There, fixed that for you. Really, why does the average slashdotter think they know better than the people who do this for a living?
Re:So silly. Just remake Quake 3 already! (Score:4, Insightful)
I disagree that a full-blown remake of Quake 3 would be a good commercial proposition. Remaking the game on fresh technology would be expensive; even with the current console generation (which defines the technical limits for most games, with a few rare exceptions like Crysis) edging up towards 5 years old, development costs remain far higher than they were when Quake 3 came out. The successful bits of the industry can absorb these costs because there are far more gamers than there were a decade ago. However, I think the appeal of a Quake 3 remake to most newer games is almost non-existent.
Even at the time, despite the strong support it gets from part of the fanbase, Quake 3 perhaps had less impact as a game (as opposed to its engine, which powered umpteen other games over the next few years) than had been expected.
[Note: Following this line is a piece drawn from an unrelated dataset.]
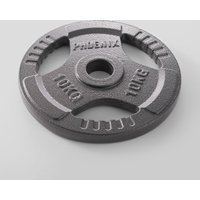 Cast Iron Weight Plate 2 inch Hole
With its multiplayer-only focus, its emphasis on the "pro-gamer" market and its lack of new ideas, it really marked the point where id lost their leadership in the fps market. It's not really age that killed the game off from the tournament scene, but rather the fact that the audience shrank relatively quickly. If age had been the factor, then Counter-Strike (which ran on technology long-since obsolete by the time of Quake 3's launch) wouldn't have outlasted it for so long. In the era of Quake and Quake 2, if you played fpses online, you basically played one of those two games or one of their mods. Quake 3 was never more than one competitor among many.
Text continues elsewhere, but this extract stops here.